## Description of the task
An exact transcription of all the records is required, minus the images.

## Supplied material
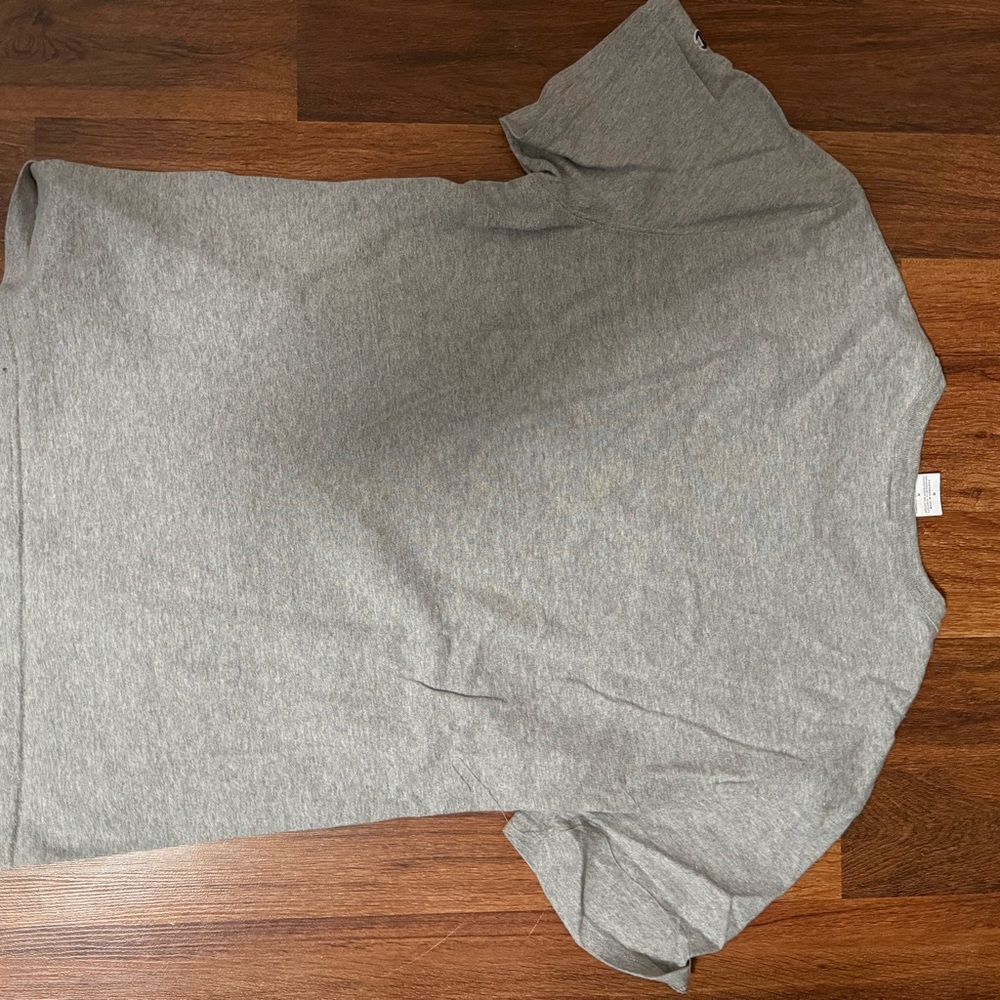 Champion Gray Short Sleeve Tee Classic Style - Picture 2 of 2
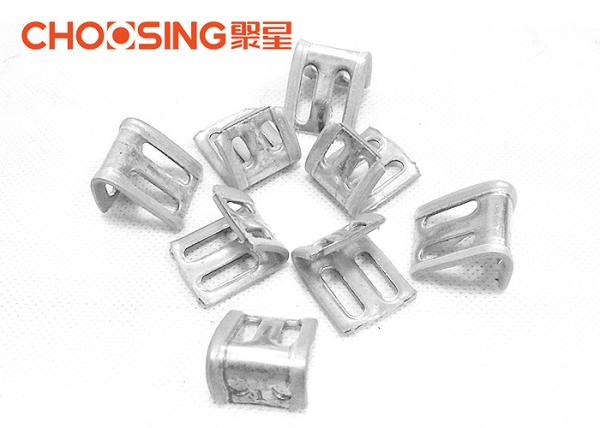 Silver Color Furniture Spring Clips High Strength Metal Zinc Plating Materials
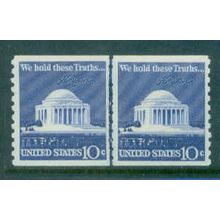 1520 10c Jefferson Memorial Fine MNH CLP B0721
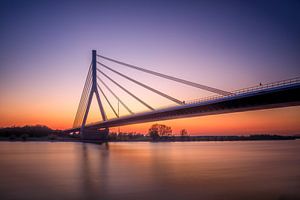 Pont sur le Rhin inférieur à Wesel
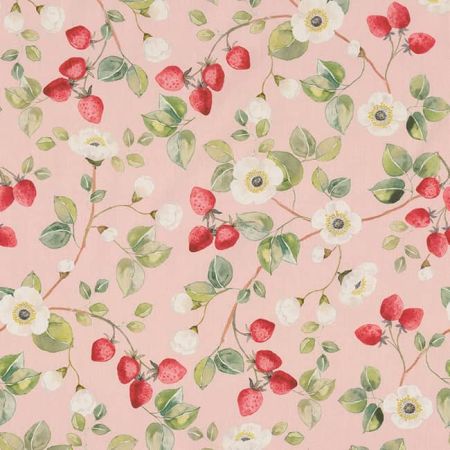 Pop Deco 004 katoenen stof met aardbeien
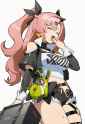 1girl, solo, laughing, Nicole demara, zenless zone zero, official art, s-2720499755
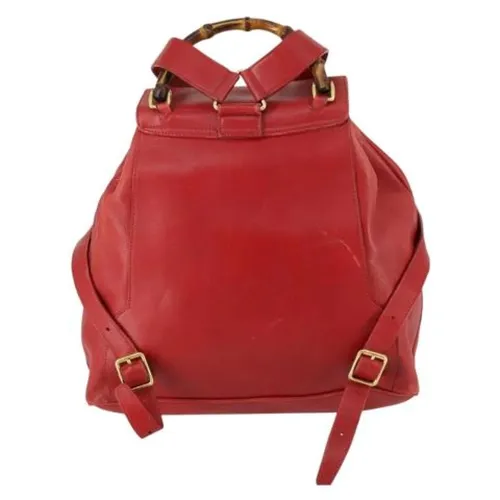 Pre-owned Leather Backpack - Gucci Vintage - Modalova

## Problem solution
 Champion Gray Short Sleeve Tee Classic Style - Picture 2 of 2
 Silver Color Furniture Spring Clips High Strength Metal Zinc Plating Materials
 1520 10c Jefferson Memorial Fine MNH CLP B0721
 Pont sur le Rhin inférieur à Wesel
 Pop Deco 004 katoenen stof met aardbeien
 1girl, solo, laughing, Nicole demara, zenless zone zero, official art, s-2720499755
 Pre-owned Leather Backpack - Gucci Vintage - Modalova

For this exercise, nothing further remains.